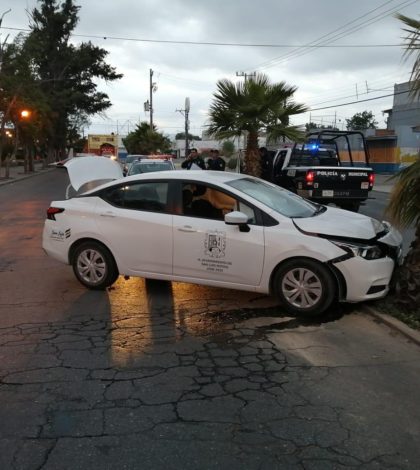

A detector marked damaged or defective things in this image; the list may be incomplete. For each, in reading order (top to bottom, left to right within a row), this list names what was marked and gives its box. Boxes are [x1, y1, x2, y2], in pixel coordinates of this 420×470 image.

damaged white car [41, 157, 402, 316]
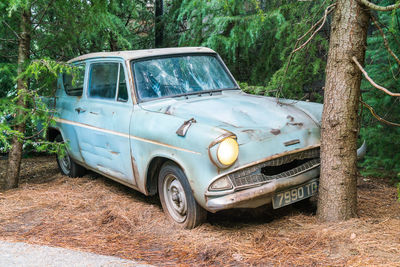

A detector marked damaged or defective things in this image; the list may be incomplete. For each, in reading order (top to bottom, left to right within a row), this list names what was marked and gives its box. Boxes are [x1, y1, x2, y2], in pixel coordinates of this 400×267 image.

cracked windshield [133, 55, 236, 101]
rusty old car [47, 47, 338, 229]
damaged hood [139, 90, 324, 144]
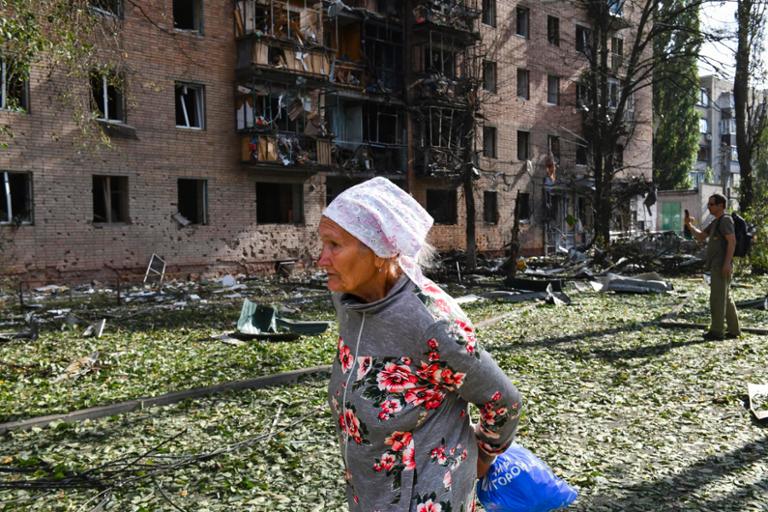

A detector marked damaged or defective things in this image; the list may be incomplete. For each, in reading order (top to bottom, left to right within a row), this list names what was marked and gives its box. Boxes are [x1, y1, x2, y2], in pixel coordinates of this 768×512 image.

broken window [90, 0, 121, 16]
burnt window opening [90, 0, 121, 16]
burnt window opening [173, 0, 202, 32]
broken window [173, 0, 202, 33]
broken window [544, 15, 560, 45]
burnt window opening [544, 15, 560, 45]
broken window [576, 25, 592, 55]
burnt window opening [576, 25, 592, 55]
broken window [0, 58, 29, 111]
burnt window opening [0, 59, 29, 112]
broken window [91, 71, 126, 122]
burnt window opening [91, 71, 126, 122]
burnt window opening [175, 82, 204, 129]
broken window [176, 82, 206, 129]
broken window [484, 60, 500, 93]
broken window [544, 75, 560, 105]
damaged brick building [0, 0, 652, 280]
broken window [0, 172, 32, 224]
burnt window opening [0, 172, 32, 224]
broken window [93, 175, 129, 223]
burnt window opening [93, 175, 129, 223]
broken window [176, 179, 207, 225]
burnt window opening [176, 179, 207, 225]
broken window [258, 183, 306, 225]
burnt window opening [258, 183, 306, 225]
burnt window opening [426, 189, 456, 225]
broken window [426, 189, 456, 225]
broken window [484, 190, 500, 224]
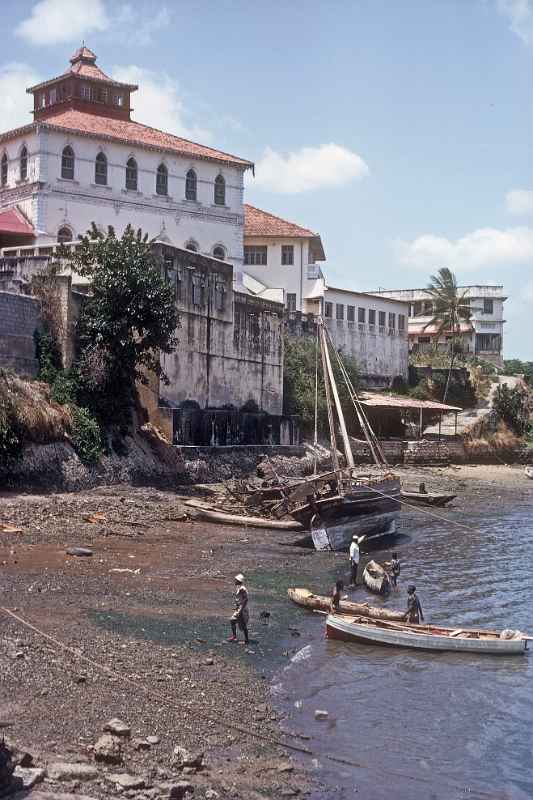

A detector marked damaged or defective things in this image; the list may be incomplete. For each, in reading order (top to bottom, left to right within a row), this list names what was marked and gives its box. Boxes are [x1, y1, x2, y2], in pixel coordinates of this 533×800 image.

WHAT YOU SHOULD DO
For the material above, give every line again exactly and leave out the pictures.

EXERCISE ANSWER
A detector marked damaged or defective things in this image; the list may be incomplete. For each, in reading order (top to bottom, left to right within a row), this list names what was marked and gives its box. Boxes are [x1, y1, x2, y2], in pixel coordinates of this 420×470 image.

damaged white car [41, 157, 402, 316]

A detector marked damaged or defective things in this image; the list may be incomplete. For each, in reading order (top to bottom, left to right within a row), this list names what was marked and gives its box. Boxes are [x1, y1, x2, y2], in pixel coordinates of this 400×267 image.

cracked windshield [133, 55, 236, 101]
rusty old car [47, 47, 338, 229]
damaged hood [139, 90, 324, 144]

A detector marked damaged or defective things in this image; the list may be incomplete. For each, in reading order (top to bottom, left to right within a row), this list names what was marked and gives its box. Boxes are [x1, y1, x2, y2], in pixel coordinates of this 768×512 image.

broken window [90, 0, 121, 16]
burnt window opening [90, 0, 121, 16]
burnt window opening [173, 0, 202, 32]
broken window [173, 0, 202, 33]
broken window [544, 15, 560, 45]
burnt window opening [544, 15, 560, 45]
broken window [576, 25, 592, 55]
burnt window opening [576, 25, 592, 55]
broken window [0, 58, 29, 111]
burnt window opening [0, 59, 29, 112]
broken window [91, 71, 126, 122]
burnt window opening [91, 71, 126, 122]
burnt window opening [175, 82, 204, 129]
broken window [176, 82, 206, 129]
broken window [484, 60, 500, 93]
broken window [544, 75, 560, 105]
damaged brick building [0, 0, 652, 280]
broken window [0, 172, 32, 224]
burnt window opening [0, 172, 32, 224]
broken window [93, 175, 129, 223]
burnt window opening [93, 175, 129, 223]
broken window [176, 179, 207, 225]
burnt window opening [176, 179, 207, 225]
broken window [258, 183, 306, 225]
burnt window opening [258, 183, 306, 225]
burnt window opening [426, 189, 456, 225]
broken window [426, 189, 456, 225]
broken window [484, 190, 500, 224]

A detector marked damaged or defective things in this image; the list may be incomplete. For each, in reading order (top to bottom, left to right within a row), this list names what was marked and gives its box. Boxes are [x1, y1, x2, y2], in pixel coordinates of this 533×800 image.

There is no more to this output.